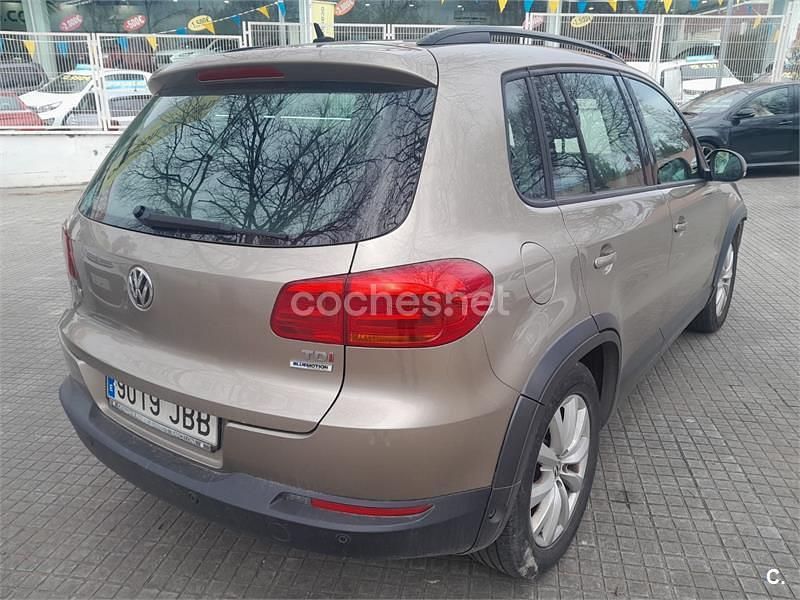 Usado VW Tiguan 110 HP (80 kW) 2014 Bege SUV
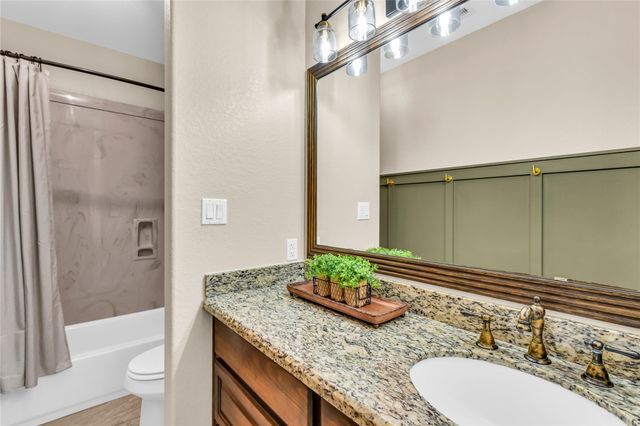 401 Heritage Oaks Drive, Angleton, TX 77515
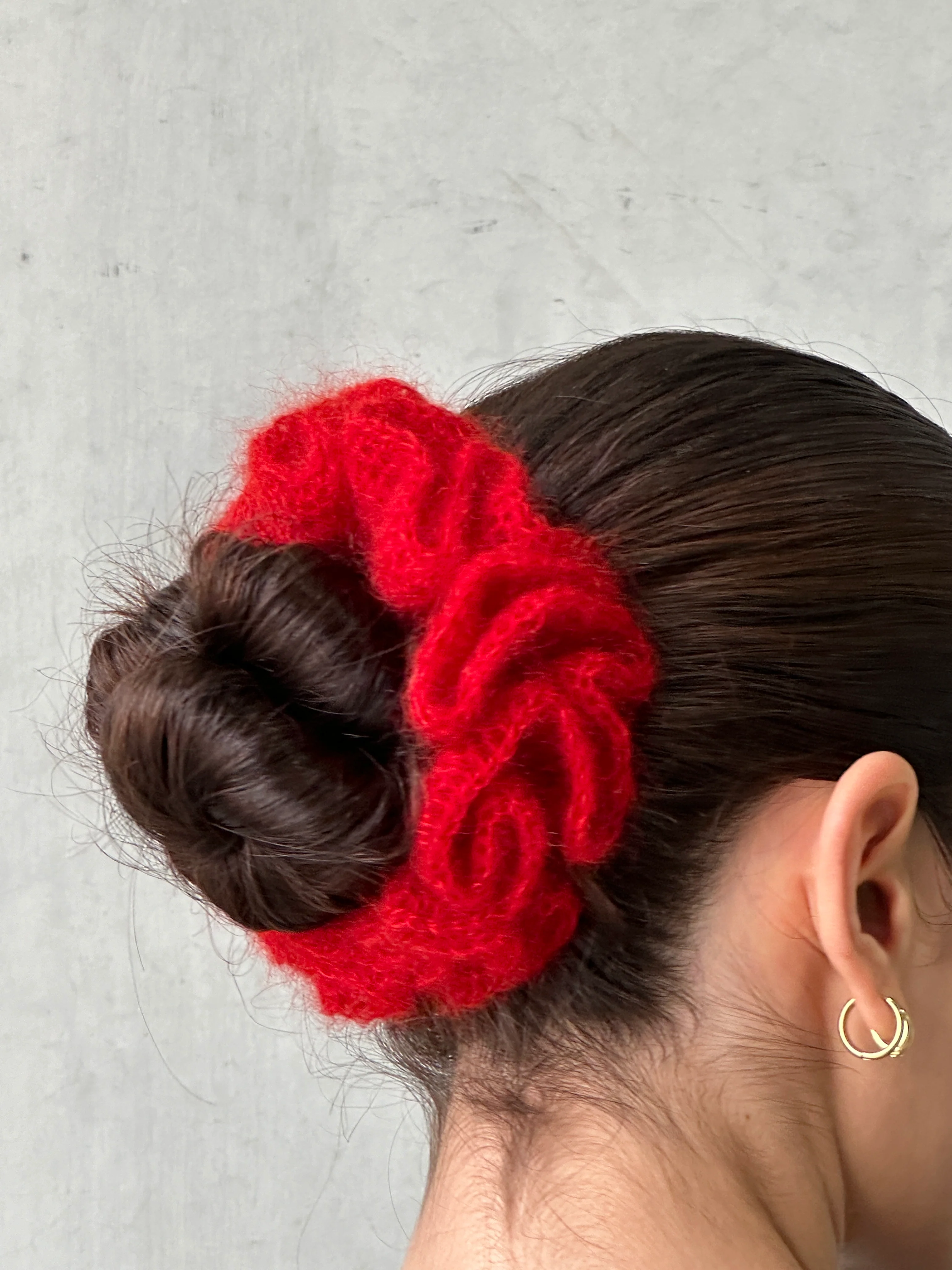 eina scrunchie in ruby red - Image 7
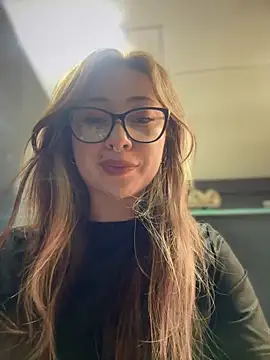 Snapshot of Sofii_gold chatting on 03/03/25, 11:03 Sofii gold online show from 03/03/25, 11:03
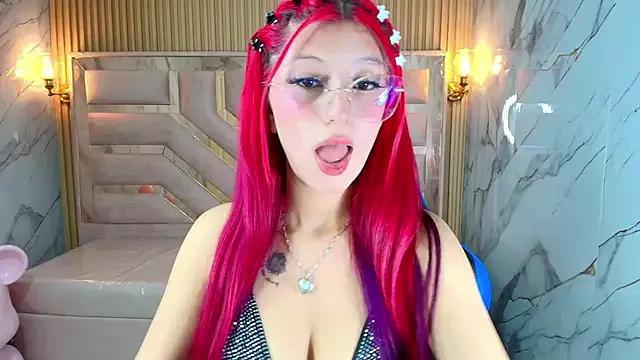 lola_bonnie_r from StripChat is Freechat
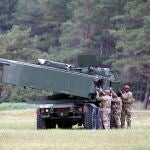 Soldados estadounidenses despliegan un sistema HIMARS en Letonia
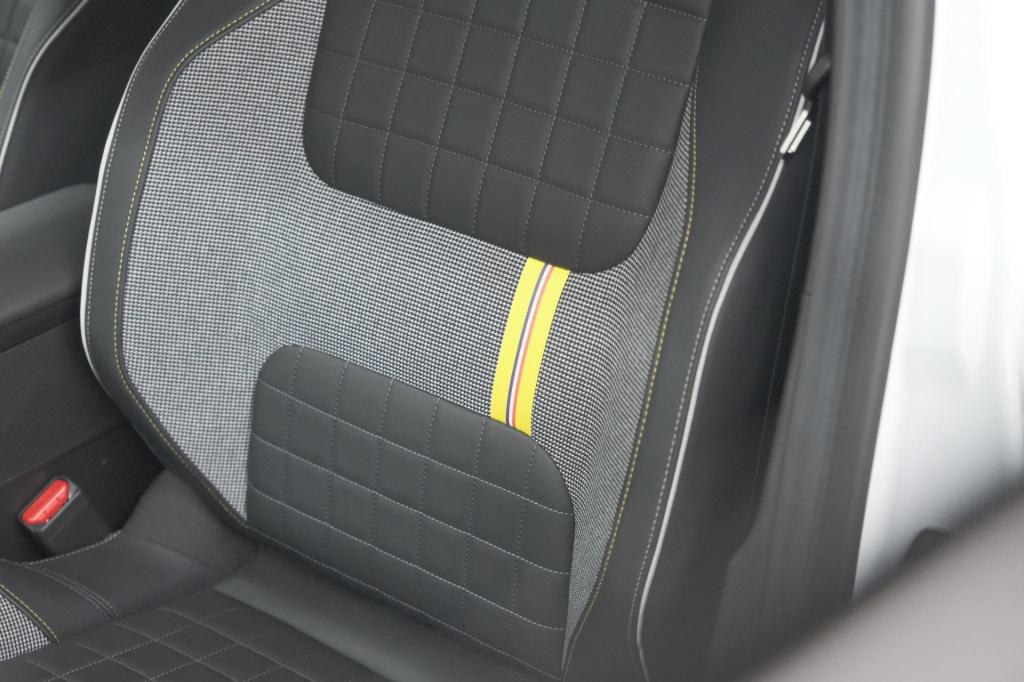 Renault 4 comfort range iconic 52 kwh | pack advanced driving assist | adap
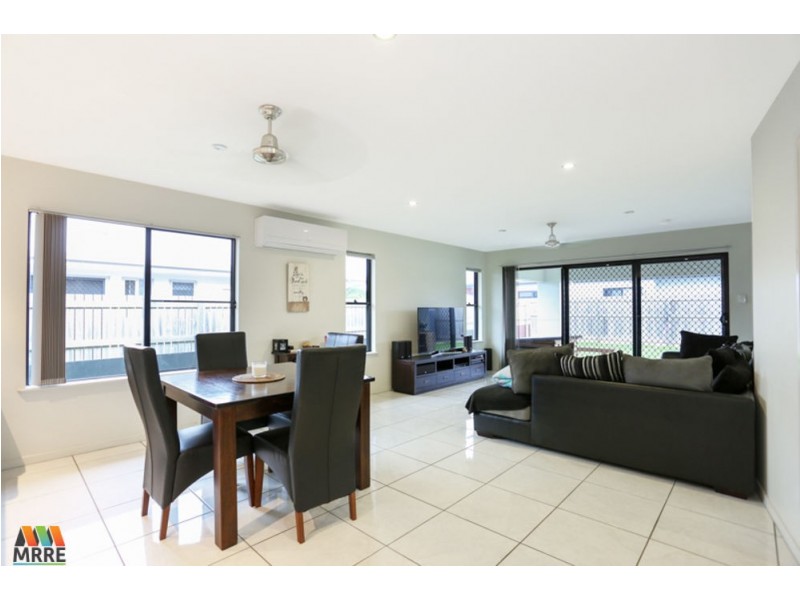 6 LANCASTER WAY, Ooralea QLD 4740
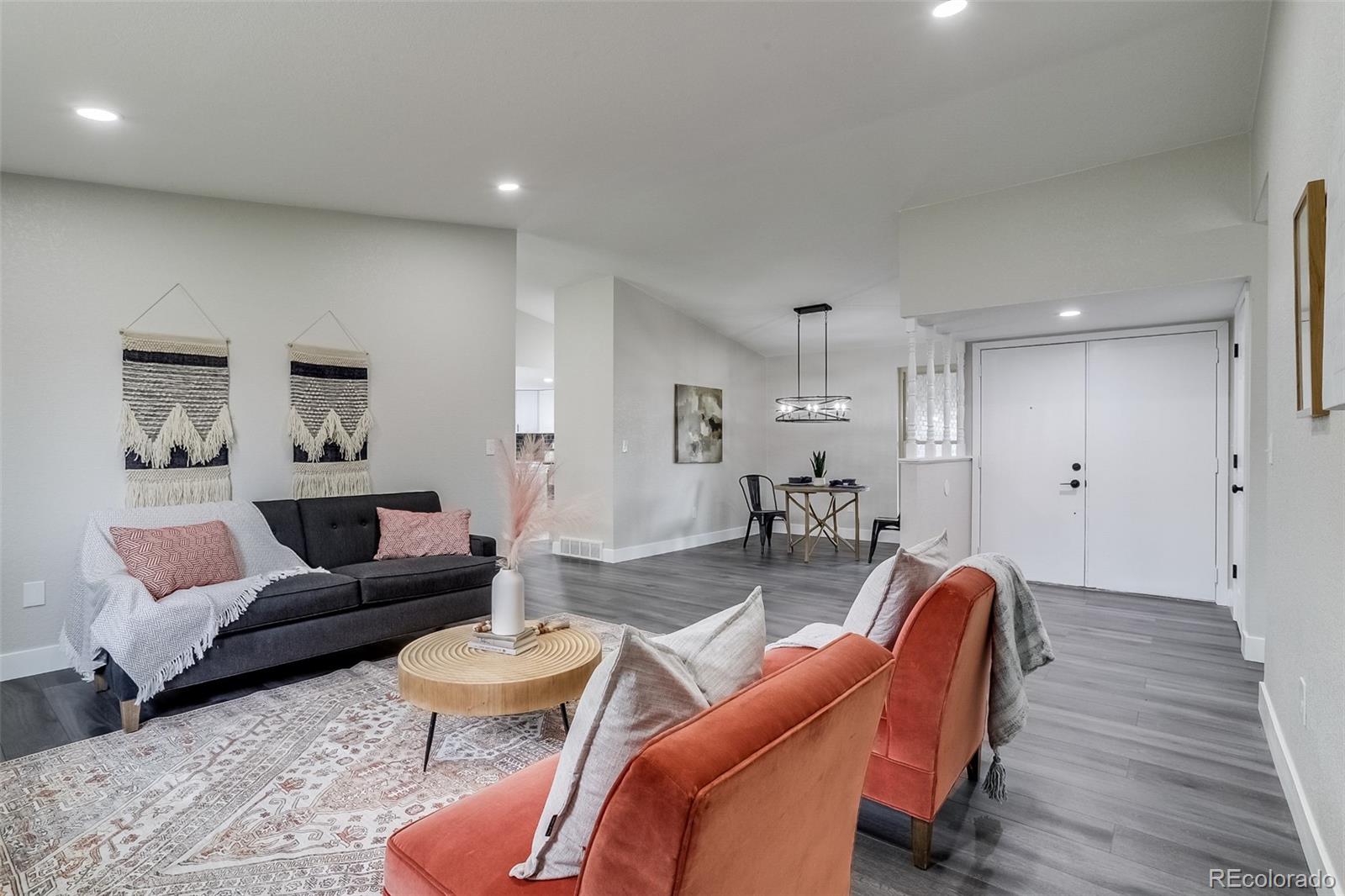 MLS Image #3 for 3402 s olathe way,aurora, Colorado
•••••
◆ Work task ◆
Your answer must be an exact reproduction of all entries, containing no pictures.

◆ Solution to the problem ◆
 Usado VW Tiguan 110 HP (80 kW) 2014 Bege SUV
 401 Heritage Oaks Drive, Angleton, TX 77515
 eina scrunchie in ruby red - Image 7
 Snapshot of Sofii_gold chatting on 03/03/25, 11:03 Sofii gold online show from 03/03/25, 11:03
 lola_bonnie_r from StripChat is Freechat
 Soldados estadounidenses despliegan un sistema HIMARS en Letonia
 Renault 4 comfort range iconic 52 kwh | pack advanced driving assist | adap
 6 LANCASTER WAY, Ooralea QLD 4740
 MLS Image #3 for 3402 s olathe way,aurora, Colorado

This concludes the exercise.